Paid leave for pregnancy loss is a corporate social responsibility



The Editorial Board

Experiencing a miscarriage or stillbirth is a devasting and mentally exhausting experience to undergo. In addition to the stress of coping with their loss, postpartum employees must figure out whether they should take time off work and for how long — a task that isn’t easy in the United States given that labor laws do not cover paid time off for pregnancy loss.

While it is evident that providing paid time off for pregnancy loss is costly, employers have a corporate social responsibility to uphold this right.

“People need time to grieve and heal to come to terms with this life-changing circumstance and be able to keep going,” Elissa Silverman, a Washington, D.C., council member, said, according to The Washington Post.

The idea of offering paid leave after a stillbirth is not a new concept. In March, a bill approving three days of paid leave after a miscarriage or stillborn birth passed in New Zealand, the second country to do this after India.

“The bill will give women and their partners time to come to terms with their loss without having to tap into sick leave,” Ginny Andersen, a parliament member, said according to Reuters.

In the United States, however, The Washington Post reported that the D.C. Council settled on a bill that would offer up to two weeks of unpaid leave to employees who lose a child under the age of 21, including stillbirths.

This ensures that employees will still be able to keep their job, but the financial stress of losing money still lingers.

In the case where a miscarriage results in significant health complications, under the Family and Medical Leave Act, employees may take up to 12 weeks of unpaid job-protected leave to care for their health.

New York’s paid family leave policy only offers paid family leave to bond with a newly born, adopted or fostered child; to care for a close relative with a serious health condition or to assist loved ones when a family member is deployed abroad on active military service — none of which covers stillborn births.

Not providing a paid option for pregnancy loss discriminates against low-income women in the workplace. According to the Centers for Disease Control and Prevention, stillbirths commonly occur in those who are Black, 35 years old and older, have given birth to multiple children at once or who have high blood pressure, diabetes or obesity.

While some options such as using sick days or vacation days may cover some expenses, it is preposterous that employees need to “take a vacation” during such a difficult time.

Women who have experienced a miscarriage are also more at risk for developing depression, according to the Massachusetts General Hospital of Mental Health.
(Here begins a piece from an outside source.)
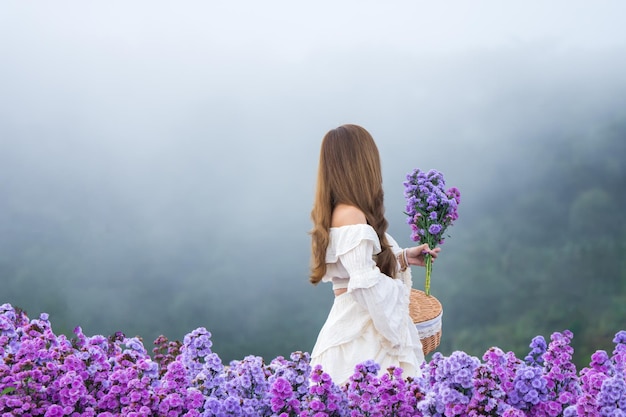 teenage girl in a garden of flowers,Young happy asian girl in Margaret Aster flowers field in garde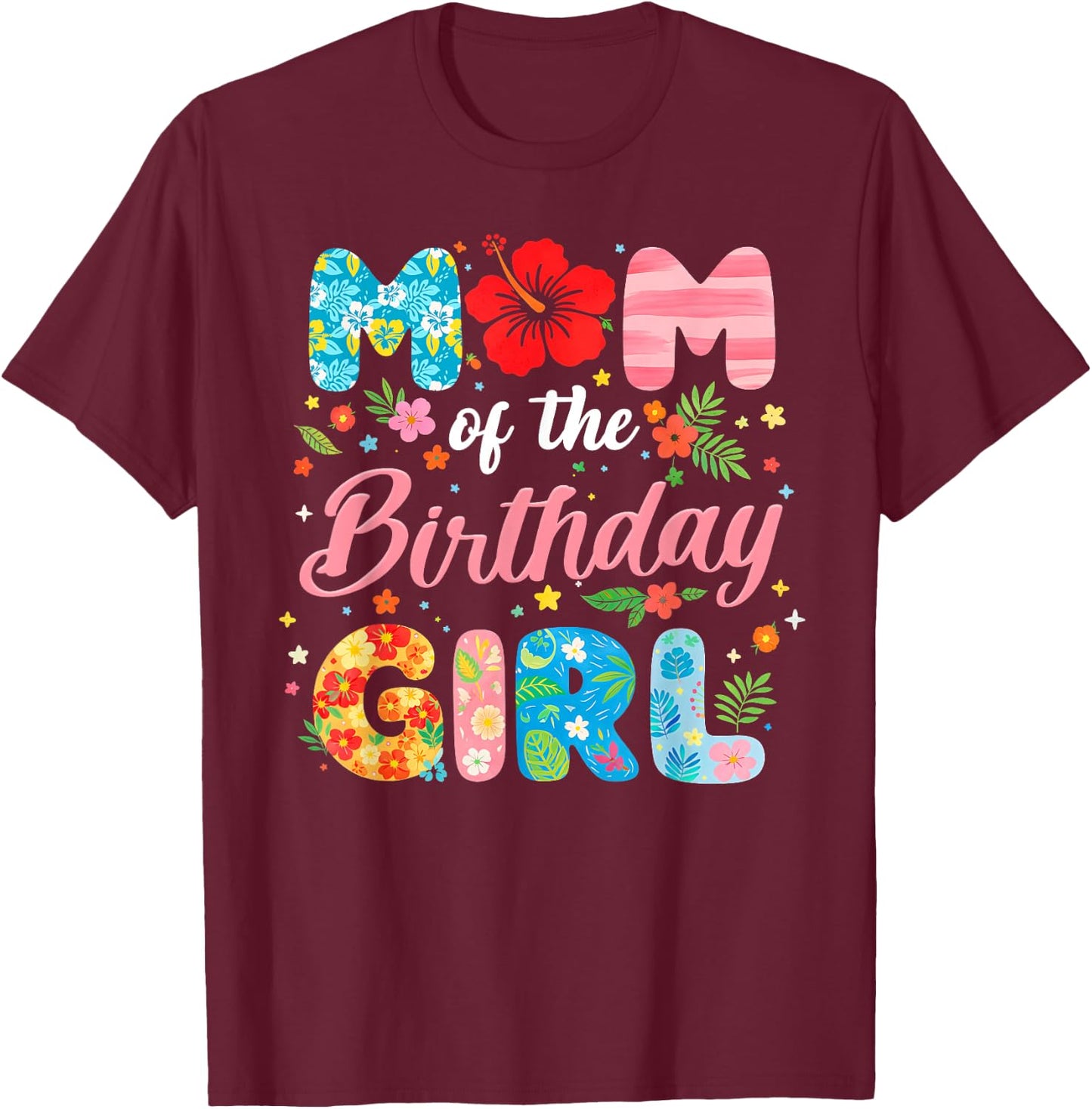 Mom of The Birthday Girl Family Summer Beach Birthday Party T-Shirt - T-Shirt | Maroon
The American Psychiatric Foundation states that depression “may also adversely impact multiple areas of employee performance, including focus and decision making, time management, completing physical tasks, social interactions, and communication.”

New York State legislation may not pressure employers to offer paid days off for pregnancy loss, but providing such benefits contributes to a more diverse, equitable and inclusive workplace environment.